• PROBLEM REQUIREMENTS
Go through the entries and set each one down exactly.

*** Opening of DATA EXTRACT ***

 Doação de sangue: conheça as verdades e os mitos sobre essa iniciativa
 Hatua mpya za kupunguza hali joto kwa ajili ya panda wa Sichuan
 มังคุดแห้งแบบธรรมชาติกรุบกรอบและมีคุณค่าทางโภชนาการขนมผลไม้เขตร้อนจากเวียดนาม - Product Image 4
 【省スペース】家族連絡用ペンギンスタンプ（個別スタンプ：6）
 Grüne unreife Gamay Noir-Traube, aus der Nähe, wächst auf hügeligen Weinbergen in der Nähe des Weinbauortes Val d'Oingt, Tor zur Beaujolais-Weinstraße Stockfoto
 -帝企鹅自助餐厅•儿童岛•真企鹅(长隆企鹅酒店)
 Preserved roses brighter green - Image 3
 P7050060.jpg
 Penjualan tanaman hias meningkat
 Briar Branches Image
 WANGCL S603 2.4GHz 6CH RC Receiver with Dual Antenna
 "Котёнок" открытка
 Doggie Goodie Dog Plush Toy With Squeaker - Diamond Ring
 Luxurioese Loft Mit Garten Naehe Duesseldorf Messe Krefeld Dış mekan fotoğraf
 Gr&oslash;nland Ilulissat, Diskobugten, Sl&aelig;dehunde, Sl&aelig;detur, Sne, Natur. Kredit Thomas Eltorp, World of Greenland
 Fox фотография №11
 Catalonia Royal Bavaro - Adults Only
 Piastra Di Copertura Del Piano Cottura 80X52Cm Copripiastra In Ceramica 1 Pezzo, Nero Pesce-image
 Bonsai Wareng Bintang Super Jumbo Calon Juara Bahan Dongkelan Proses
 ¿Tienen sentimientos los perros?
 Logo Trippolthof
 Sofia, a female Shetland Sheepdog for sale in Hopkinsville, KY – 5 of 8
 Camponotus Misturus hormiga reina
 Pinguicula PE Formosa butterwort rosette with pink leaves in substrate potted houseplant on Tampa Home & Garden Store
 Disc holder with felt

*** Close of DATA EXTRACT ***

• EXERCISE SOLUTION
 Doação de sangue: conheça as verdades e os mitos sobre essa iniciativa
 Hatua mpya za kupunguza hali joto kwa ajili ya panda wa Sichuan
 มังคุดแห้งแบบธรรมชาติกรุบกรอบและมีคุณค่าทางโภชนาการขนมผลไม้เขตร้อนจากเวียดนาม - Product Image 4
 【省スペース】家族連絡用ペンギンスタンプ（個別スタンプ：6）
 Grüne unreife Gamay Noir-Traube, aus der Nähe, wächst auf hügeligen Weinbergen in der Nähe des Weinbauortes Val d'Oingt, Tor zur Beaujolais-Weinstraße Stockfoto
 -帝企鹅自助餐厅•儿童岛•真企鹅(长隆企鹅酒店)
 Preserved roses brighter green - Image 3
 P7050060.jpg
 Penjualan tanaman hias meningkat
 Briar Branches Image
 WANGCL S603 2.4GHz 6CH RC Receiver with Dual Antenna
 "Котёнок" открытка
 Doggie Goodie Dog Plush Toy With Squeaker - Diamond Ring
 Luxurioese Loft Mit Garten Naehe Duesseldorf Messe Krefeld Dış mekan fotoğraf
 Gr&oslash;nland Ilulissat, Diskobugten, Sl&aelig;dehunde, Sl&aelig;detur, Sne, Natur. Kredit Thomas Eltorp, World of Greenland
 Fox фотография №11
 Catalonia Royal Bavaro - Adults Only
 Piastra Di Copertura Del Piano Cottura 80X52Cm Copripiastra In Ceramica 1 Pezzo, Nero Pesce-image
 Bonsai Wareng Bintang Super Jumbo Calon Juara Bahan Dongkelan Proses
 ¿Tienen sentimientos los perros?
 Logo Trippolthof
 Sofia, a female Shetland Sheepdog for sale in Hopkinsville, KY – 5 of 8
 Camponotus Misturus hormiga reina
 Pinguicula PE Formosa butterwort rosette with pink leaves in substrate potted houseplant on Tampa Home & Garden Store
 Disc holder with felt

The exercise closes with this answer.